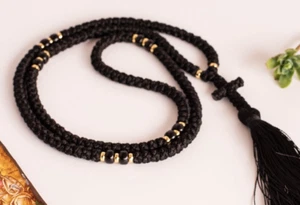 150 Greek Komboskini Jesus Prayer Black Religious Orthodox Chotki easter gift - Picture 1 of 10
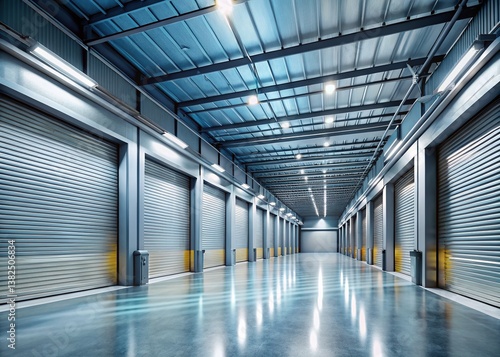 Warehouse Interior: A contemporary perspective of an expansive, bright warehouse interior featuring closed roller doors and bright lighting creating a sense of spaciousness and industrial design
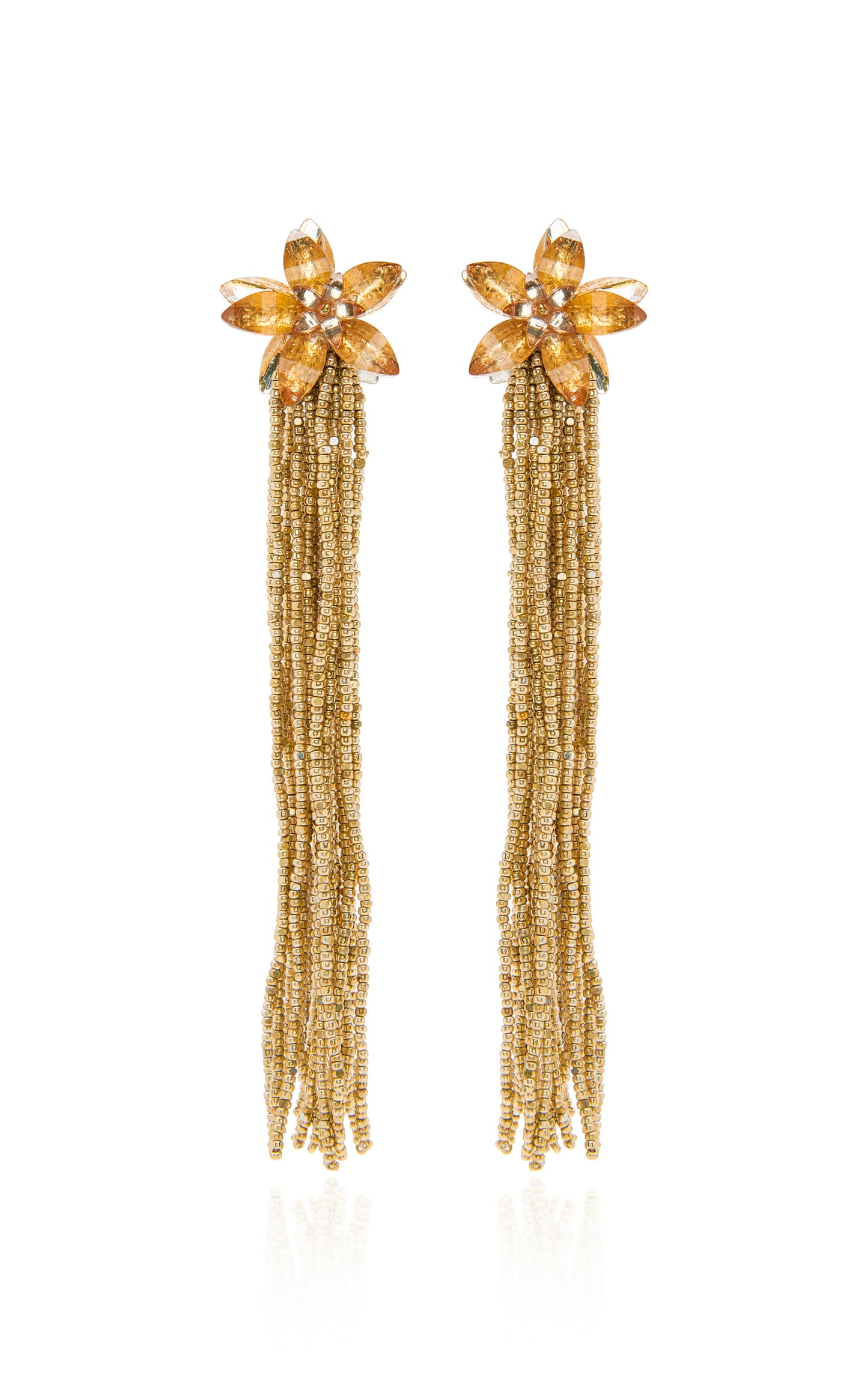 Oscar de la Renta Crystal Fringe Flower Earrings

--

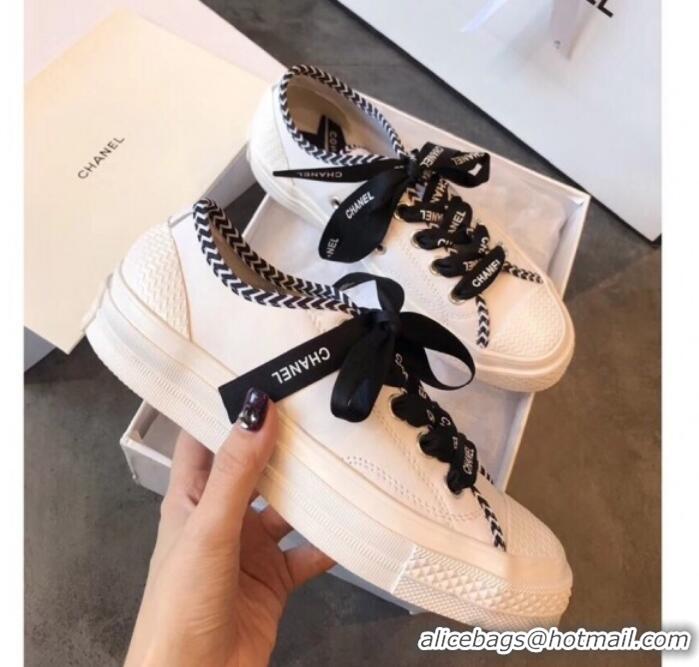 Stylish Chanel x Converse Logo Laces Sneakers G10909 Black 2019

[TASK DETAILS] Given the listing above, repeat exactly the lines starting at the one with "150 Greek Komboskini" and ending at the one with "Oscar de la", inclusive, excluding pictures.

[WRITTEN REPLY]
 150 Greek Komboskini Jesus Prayer Black Religious Orthodox Chotki easter gift - Picture 1 of 10
 Warehouse Interior: A contemporary perspective of an expansive, bright warehouse interior featuring closed roller doors and bright lighting creating a sense of spaciousness and industrial design
 Oscar de la Renta Crystal Fringe Flower Earrings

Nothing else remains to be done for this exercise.